SUPPLIED MATERIAL.
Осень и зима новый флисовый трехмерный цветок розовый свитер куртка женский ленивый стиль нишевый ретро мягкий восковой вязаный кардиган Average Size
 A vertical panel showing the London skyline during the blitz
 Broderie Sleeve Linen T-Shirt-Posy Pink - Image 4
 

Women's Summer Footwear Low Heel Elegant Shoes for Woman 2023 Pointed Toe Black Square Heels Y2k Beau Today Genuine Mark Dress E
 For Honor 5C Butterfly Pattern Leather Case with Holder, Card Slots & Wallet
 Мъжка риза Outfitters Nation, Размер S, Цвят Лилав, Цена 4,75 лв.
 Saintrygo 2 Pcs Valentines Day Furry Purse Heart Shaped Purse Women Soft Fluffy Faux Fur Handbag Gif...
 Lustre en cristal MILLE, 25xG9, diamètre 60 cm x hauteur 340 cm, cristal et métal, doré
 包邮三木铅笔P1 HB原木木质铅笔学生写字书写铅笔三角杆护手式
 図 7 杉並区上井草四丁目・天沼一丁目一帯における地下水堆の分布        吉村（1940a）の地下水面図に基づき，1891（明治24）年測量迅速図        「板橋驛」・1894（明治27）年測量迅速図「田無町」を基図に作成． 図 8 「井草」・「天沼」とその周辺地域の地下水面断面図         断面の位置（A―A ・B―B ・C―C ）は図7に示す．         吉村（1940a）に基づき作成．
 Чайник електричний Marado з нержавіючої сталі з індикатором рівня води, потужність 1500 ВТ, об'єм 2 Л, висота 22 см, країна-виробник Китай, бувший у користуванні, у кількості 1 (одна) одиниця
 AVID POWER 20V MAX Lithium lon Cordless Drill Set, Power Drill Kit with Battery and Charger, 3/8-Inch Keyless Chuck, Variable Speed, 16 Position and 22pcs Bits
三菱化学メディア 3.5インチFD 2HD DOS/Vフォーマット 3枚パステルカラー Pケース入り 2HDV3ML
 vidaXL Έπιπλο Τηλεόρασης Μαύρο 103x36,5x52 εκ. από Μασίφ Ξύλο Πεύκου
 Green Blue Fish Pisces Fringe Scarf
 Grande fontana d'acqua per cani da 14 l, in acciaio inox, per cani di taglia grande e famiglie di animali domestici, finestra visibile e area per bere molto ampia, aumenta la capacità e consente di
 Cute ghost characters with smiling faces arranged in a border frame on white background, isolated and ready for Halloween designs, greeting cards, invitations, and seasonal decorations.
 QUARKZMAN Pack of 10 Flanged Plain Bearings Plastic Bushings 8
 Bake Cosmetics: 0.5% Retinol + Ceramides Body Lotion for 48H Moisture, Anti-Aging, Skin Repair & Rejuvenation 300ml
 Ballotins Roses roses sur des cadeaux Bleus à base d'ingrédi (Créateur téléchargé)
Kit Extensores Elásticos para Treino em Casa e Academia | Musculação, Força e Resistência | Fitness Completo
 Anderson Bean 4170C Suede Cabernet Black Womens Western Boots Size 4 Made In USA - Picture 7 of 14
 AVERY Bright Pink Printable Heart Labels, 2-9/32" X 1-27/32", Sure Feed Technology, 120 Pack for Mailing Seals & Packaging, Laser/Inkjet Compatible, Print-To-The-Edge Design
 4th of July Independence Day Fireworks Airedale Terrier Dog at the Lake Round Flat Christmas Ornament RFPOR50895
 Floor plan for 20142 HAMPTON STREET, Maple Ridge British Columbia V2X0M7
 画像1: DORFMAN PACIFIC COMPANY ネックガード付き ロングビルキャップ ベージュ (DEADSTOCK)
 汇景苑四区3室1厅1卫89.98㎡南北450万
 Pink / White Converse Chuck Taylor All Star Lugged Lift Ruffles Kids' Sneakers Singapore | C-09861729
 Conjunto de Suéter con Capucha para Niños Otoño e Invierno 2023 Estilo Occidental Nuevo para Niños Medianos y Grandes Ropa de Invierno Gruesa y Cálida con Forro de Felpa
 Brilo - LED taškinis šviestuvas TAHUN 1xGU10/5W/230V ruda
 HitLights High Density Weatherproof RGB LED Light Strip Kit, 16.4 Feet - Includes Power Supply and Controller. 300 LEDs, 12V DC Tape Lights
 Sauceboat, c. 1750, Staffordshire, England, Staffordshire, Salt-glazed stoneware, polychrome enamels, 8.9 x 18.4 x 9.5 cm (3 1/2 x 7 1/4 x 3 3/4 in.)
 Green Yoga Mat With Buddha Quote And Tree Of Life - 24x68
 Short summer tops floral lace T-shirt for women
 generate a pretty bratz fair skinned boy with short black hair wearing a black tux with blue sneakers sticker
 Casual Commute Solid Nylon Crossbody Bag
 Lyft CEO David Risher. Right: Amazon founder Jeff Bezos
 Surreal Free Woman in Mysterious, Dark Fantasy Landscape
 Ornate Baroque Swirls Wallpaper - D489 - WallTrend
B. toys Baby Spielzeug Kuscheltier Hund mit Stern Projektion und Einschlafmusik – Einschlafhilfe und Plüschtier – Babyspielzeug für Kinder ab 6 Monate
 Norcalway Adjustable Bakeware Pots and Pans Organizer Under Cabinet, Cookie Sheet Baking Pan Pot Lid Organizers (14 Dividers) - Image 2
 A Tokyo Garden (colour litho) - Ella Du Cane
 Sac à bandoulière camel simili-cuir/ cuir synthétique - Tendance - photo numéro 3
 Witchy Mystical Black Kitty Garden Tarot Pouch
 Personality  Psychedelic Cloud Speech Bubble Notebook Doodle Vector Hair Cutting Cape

TO DO.
Nothing may be left out. Copy each line of the listing exactly.

ANSWER FOR THIS EXERCISE.
Осень и зима новый флисовый трехмерный цветок розовый свитер куртка женский ленивый стиль нишевый ретро мягкий восковой вязаный кардиган Average Size
 A vertical panel showing the London skyline during the blitz
 Broderie Sleeve Linen T-Shirt-Posy Pink - Image 4
 

Women's Summer Footwear Low Heel Elegant Shoes for Woman 2023 Pointed Toe Black Square Heels Y2k Beau Today Genuine Mark Dress E
 For Honor 5C Butterfly Pattern Leather Case with Holder, Card Slots & Wallet
 Мъжка риза Outfitters Nation, Размер S, Цвят Лилав, Цена 4,75 лв.
 Saintrygo 2 Pcs Valentines Day Furry Purse Heart Shaped Purse Women Soft Fluffy Faux Fur Handbag Gif...
 Lustre en cristal MILLE, 25xG9, diamètre 60 cm x hauteur 340 cm, cristal et métal, doré
 包邮三木铅笔P1 HB原木木质铅笔学生写字书写铅笔三角杆护手式
 図 7 杉並区上井草四丁目・天沼一丁目一帯における地下水堆の分布        吉村（1940a）の地下水面図に基づき，1891（明治24）年測量迅速図        「板橋驛」・1894（明治27）年測量迅速図「田無町」を基図に作成． 図 8 「井草」・「天沼」とその周辺地域の地下水面断面図         断面の位置（A―A ・B―B ・C―C ）は図7に示す．         吉村（1940a）に基づき作成．
 Чайник електричний Marado з нержавіючої сталі з індикатором рівня води, потужність 1500 ВТ, об'єм 2 Л, висота 22 см, країна-виробник Китай, бувший у користуванні, у кількості 1 (одна) одиниця
 AVID POWER 20V MAX Lithium lon Cordless Drill Set, Power Drill Kit with Battery and Charger, 3/8-Inch Keyless Chuck, Variable Speed, 16 Position and 22pcs Bits
三菱化学メディア 3.5インチFD 2HD DOS/Vフォーマット 3枚パステルカラー Pケース入り 2HDV3ML
 vidaXL Έπιπλο Τηλεόρασης Μαύρο 103x36,5x52 εκ. από Μασίφ Ξύλο Πεύκου
 Green Blue Fish Pisces Fringe Scarf
 Grande fontana d'acqua per cani da 14 l, in acciaio inox, per cani di taglia grande e famiglie di animali domestici, finestra visibile e area per bere molto ampia, aumenta la capacità e consente di
 Cute ghost characters with smiling faces arranged in a border frame on white background, isolated and ready for Halloween designs, greeting cards, invitations, and seasonal decorations.
 QUARKZMAN Pack of 10 Flanged Plain Bearings Plastic Bushings 8
 Bake Cosmetics: 0.5% Retinol + Ceramides Body Lotion for 48H Moisture, Anti-Aging, Skin Repair & Rejuvenation 300ml
 Ballotins Roses roses sur des cadeaux Bleus à base d'ingrédi (Créateur téléchargé)
Kit Extensores Elásticos para Treino em Casa e Academia | Musculação, Força e Resistência | Fitness Completo
 Anderson Bean 4170C Suede Cabernet Black Womens Western Boots Size 4 Made In USA - Picture 7 of 14
 AVERY Bright Pink Printable Heart Labels, 2-9/32" X 1-27/32", Sure Feed Technology, 120 Pack for Mailing Seals & Packaging, Laser/Inkjet Compatible, Print-To-The-Edge Design
 4th of July Independence Day Fireworks Airedale Terrier Dog at the Lake Round Flat Christmas Ornament RFPOR50895
 Floor plan for 20142 HAMPTON STREET, Maple Ridge British Columbia V2X0M7
 画像1: DORFMAN PACIFIC COMPANY ネックガード付き ロングビルキャップ ベージュ (DEADSTOCK)
 汇景苑四区3室1厅1卫89.98㎡南北450万
 Pink / White Converse Chuck Taylor All Star Lugged Lift Ruffles Kids' Sneakers Singapore | C-09861729
 Conjunto de Suéter con Capucha para Niños Otoño e Invierno 2023 Estilo Occidental Nuevo para Niños Medianos y Grandes Ropa de Invierno Gruesa y Cálida con Forro de Felpa
 Brilo - LED taškinis šviestuvas TAHUN 1xGU10/5W/230V ruda
 HitLights High Density Weatherproof RGB LED Light Strip Kit, 16.4 Feet - Includes Power Supply and Controller. 300 LEDs, 12V DC Tape Lights
 Sauceboat, c. 1750, Staffordshire, England, Staffordshire, Salt-glazed stoneware, polychrome enamels, 8.9 x 18.4 x 9.5 cm (3 1/2 x 7 1/4 x 3 3/4 in.)
 Green Yoga Mat With Buddha Quote And Tree Of Life - 24x68
 Short summer tops floral lace T-shirt for women
 generate a pretty bratz fair skinned boy with short black hair wearing a black tux with blue sneakers sticker
 Casual Commute Solid Nylon Crossbody Bag
 Lyft CEO David Risher. Right: Amazon founder Jeff Bezos
 Surreal Free Woman in Mysterious, Dark Fantasy Landscape
 Ornate Baroque Swirls Wallpaper - D489 - WallTrend
B. toys Baby Spielzeug Kuscheltier Hund mit Stern Projektion und Einschlafmusik – Einschlafhilfe und Plüschtier – Babyspielzeug für Kinder ab 6 Monate
 Norcalway Adjustable Bakeware Pots and Pans Organizer Under Cabinet, Cookie Sheet Baking Pan Pot Lid Organizers (14 Dividers) - Image 2
 A Tokyo Garden (colour litho) - Ella Du Cane
 Sac à bandoulière camel simili-cuir/ cuir synthétique - Tendance - photo numéro 3
 Witchy Mystical Black Kitty Garden Tarot Pouch
 Personality  Psychedelic Cloud Speech Bubble Notebook Doodle Vector Hair Cutting Cape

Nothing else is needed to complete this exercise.